Risk-Adjusted Performance

Good

 
Weak
 
Strong
Compared to the overall equity markets, risk-adjusted returns on investments in BounceBit are ranked lower than 11 (%) of all global equities and portfolios over the last 90 days. In spite of rather unsteady fundamental indicators, BounceBit exhibited solid returns over the last few months and may actually be approaching a breakup point.
ELEC 

Risk-Adjusted Performance

Good

 
Weak
 
Strong
Compared to the overall equity markets, risk-adjusted returns on investments in ELEC are ranked lower than 12 (%) of all global equities and portfolios over the last 90 days. In spite of rather weak fundamental indicators, ELEC exhibited solid returns over the last few months and may actually be approaching a breakup point.

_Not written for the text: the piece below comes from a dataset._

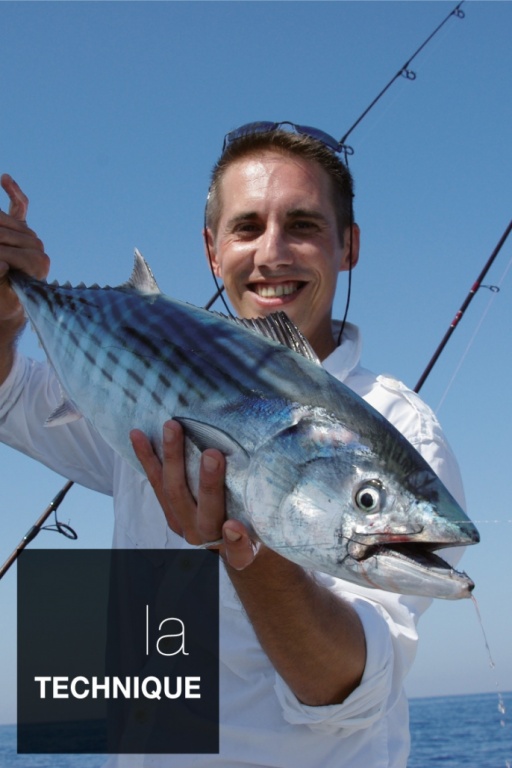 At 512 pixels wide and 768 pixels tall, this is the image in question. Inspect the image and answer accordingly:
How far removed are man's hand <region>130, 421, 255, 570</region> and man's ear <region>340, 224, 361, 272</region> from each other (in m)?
1.61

BounceBit and ELEC Volatility Contrast

   Predicted Return Density   
       Returns  

Pair Trading with BounceBit and ELEC

The main advantage of trading using opposite BounceBit and ELEC positions is that it hedges away some unsystematic risk. Because of two separate transactions, even if BounceBit position performs unexpectedly, ELEC can make up some of the losses. Pair trading also minimizes risk from directional movements in the market. For example, if an entire industry or sector drops because of unexpected headlines, the short position in ELEC will offset losses from the drop in ELEC's long position.
The idea behind BounceBit and ELEC pairs trading is to make the combined position market-neutral, meaning the overall market's direction will not affect its win or loss (or potential downside or upside). This can be achieved by designing a pairs trade with two highly correlated stocks or equities that operate in a similar space or sector, making it possible to obtain profits through simple and relatively low-risk investment.
Check out your portfolio center.
Note that this page's information should be used as a complementary analysis to find the right mix of equity instruments to add to your existing portfolios or create a brand new portfolio. You can also try the AI Portfolio Prophet module to use AI to generate optimal portfolios and find profitable investment opportunities.